A new study suggests that packaged foods that are labelled ‘no added sugar’ or ‘reduced in sugar’ are healthier but may not be as healthy as consumers expect. Analysis of over 3,000 food labels in a University of Toronto database showed that 21 per cent of them had claims related to sugar. These included everyday products like custards, salad dressings and juices which are commonly eaten by many Canadians.
‘Some products…actually high in free sugars’
“Overall we found that products with sugar claims are actually healthier and they’re lower in free sugars than similar without sugar claims,” says Jodi Bernstein, the study’s lead author and a dietitian.
“But we also found some examples where products with sugar claims might not meet consumers’ expectations, for instance, reductions in free sugars are not always accompanied by similar reductions in calories. And no-added sugar claims can be found on products that are actually high in free sugars. So, this is contrary to what consumers might expect.”Listen
Free sugars are sugars extracted from naturally-occurring sources like fruits and vegetables. The government does not require them to be listed as “sugar” on product labels. So, for example, manufacturers can use fruit juice to sweeten a product without having to list its free sugar on the label.

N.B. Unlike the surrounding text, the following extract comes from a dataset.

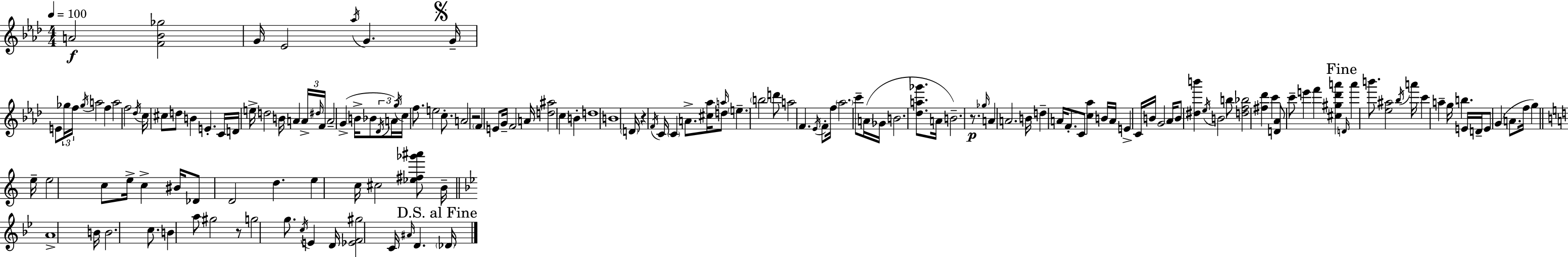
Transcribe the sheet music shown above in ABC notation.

Increased risk of disease concerns dietitian
“One of the concerns that come along with free sugars is that, because they are now available to be consumed in larger quantities, there’s also increased risk of diseases like heart disease, obesity or diabetes and cavities that are associated with eating too much sugar,” says Bernstein.
“I think consumers need to try to think critically when they see a claim and to not read too much into it,” she says. But beyond that she thinks the government should update its regulations and improve the criteria required for manufacturers to put a claim on their product.

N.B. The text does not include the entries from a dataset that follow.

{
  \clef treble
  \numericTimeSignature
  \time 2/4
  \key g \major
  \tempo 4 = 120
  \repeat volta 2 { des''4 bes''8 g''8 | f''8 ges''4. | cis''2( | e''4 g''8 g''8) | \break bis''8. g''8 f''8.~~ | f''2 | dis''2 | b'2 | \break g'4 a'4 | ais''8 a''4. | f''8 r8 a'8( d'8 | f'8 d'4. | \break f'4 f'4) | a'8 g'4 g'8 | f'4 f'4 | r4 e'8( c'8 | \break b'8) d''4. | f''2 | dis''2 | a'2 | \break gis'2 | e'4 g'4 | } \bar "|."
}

Labels must not mislead consumers, says dietitian
“We know that consumers have a growing interest in reducing their sugar intake and the World Health Organization has recently come out with recommendations to reduce intakes to be less than 10 per cent of calories,” says Bernstein. “So, it’s very important that the information that consumers have available to them on product packages are as useful as they can be, that they’re not misleading them.”
The study by University of Toronto doctoral candidate Jodi Bernstein was published in the journal Applied Physiology, Nutrition, and Metabolism.